[Problem statement]
Starting at the line that holds "Durabrand AM FM Radio Alarm Clock N3", restate every line word for word up to and including the last one in the listing below, and omit all pictures.

[Data for analysis]
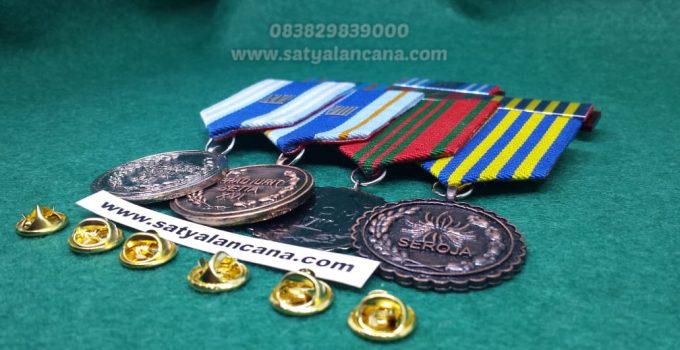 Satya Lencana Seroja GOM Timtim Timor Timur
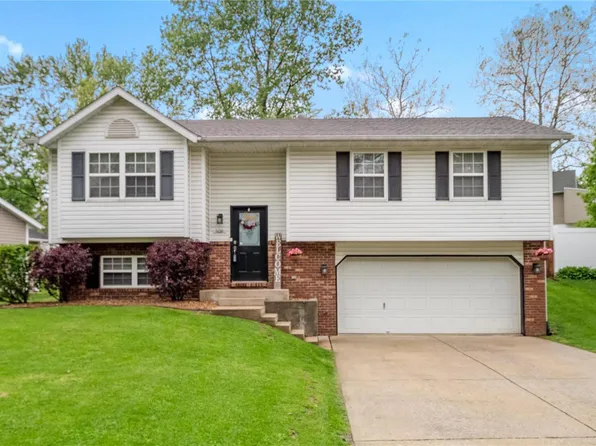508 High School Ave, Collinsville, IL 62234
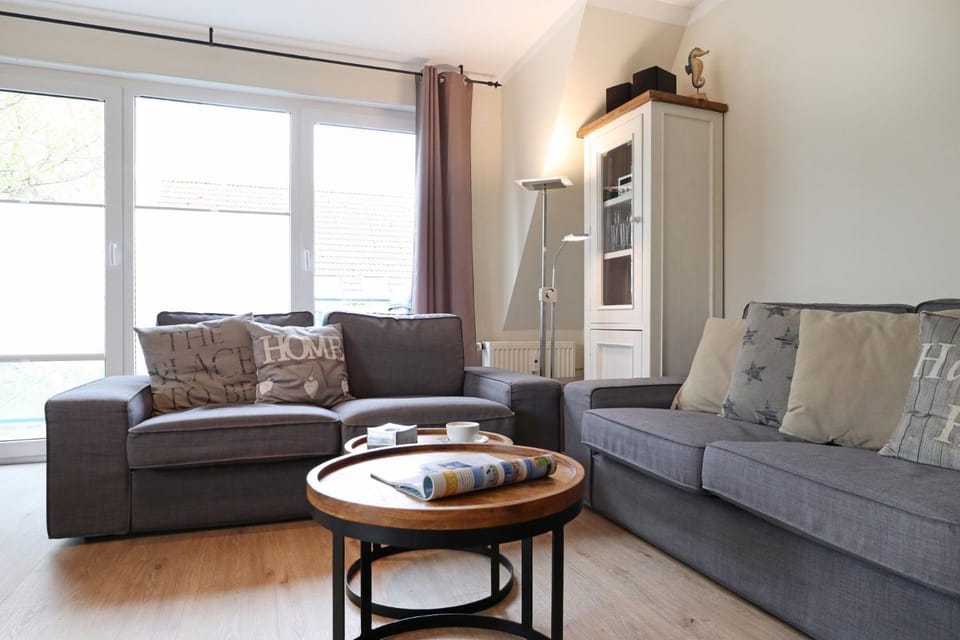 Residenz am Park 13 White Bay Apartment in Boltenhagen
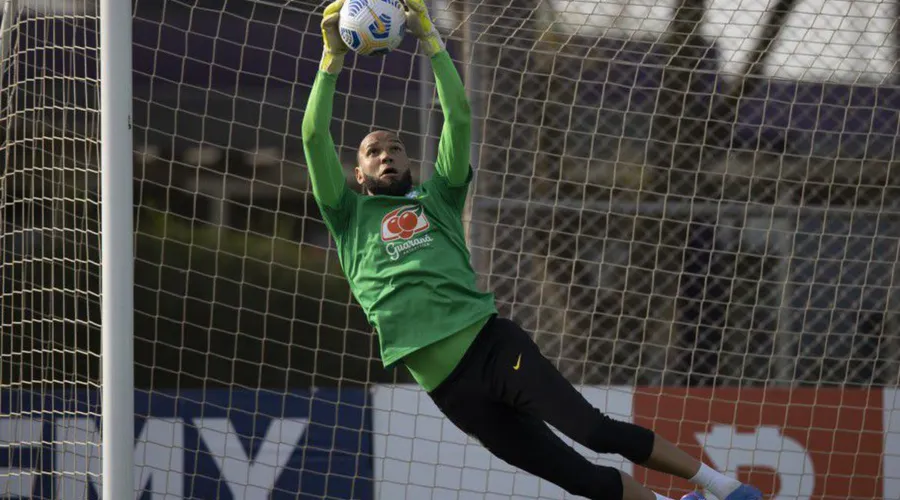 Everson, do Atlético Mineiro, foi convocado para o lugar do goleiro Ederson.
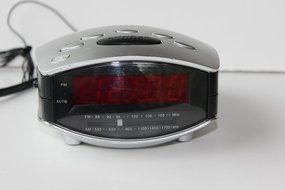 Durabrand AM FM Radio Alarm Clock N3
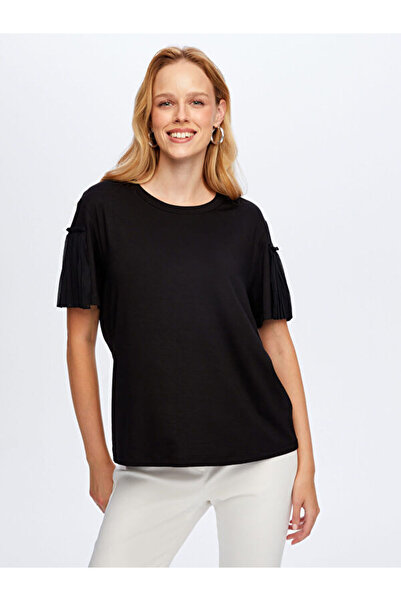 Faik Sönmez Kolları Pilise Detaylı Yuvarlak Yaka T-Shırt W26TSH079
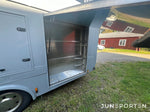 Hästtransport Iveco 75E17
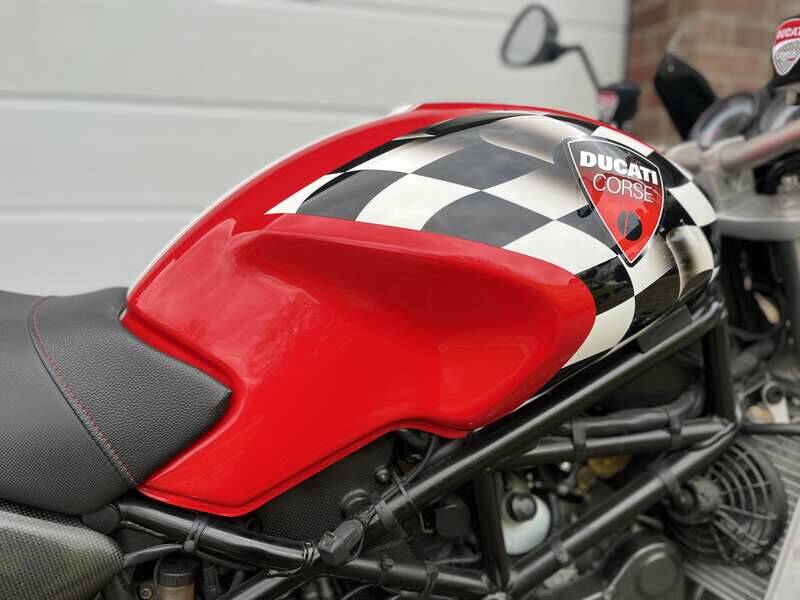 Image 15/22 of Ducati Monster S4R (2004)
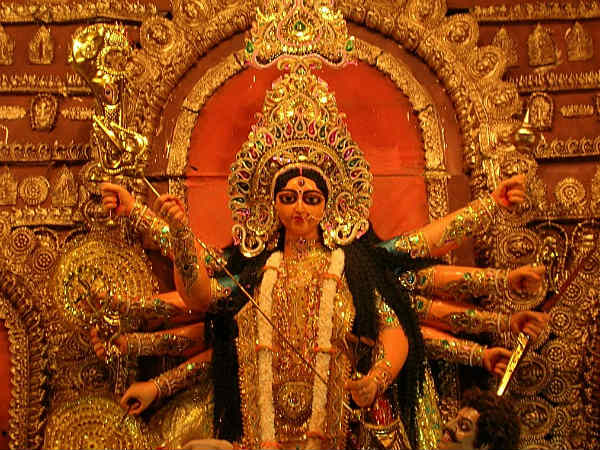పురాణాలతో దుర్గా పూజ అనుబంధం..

[Written response]
 Durabrand AM FM Radio Alarm Clock N3
 Faik Sönmez Kolları Pilise Detaylı Yuvarlak Yaka T-Shırt W26TSH079
 Hästtransport Iveco 75E17
 Image 15/22 of Ducati Monster S4R (2004)
పురాణాలతో దుర్గా పూజ అనుబంధం..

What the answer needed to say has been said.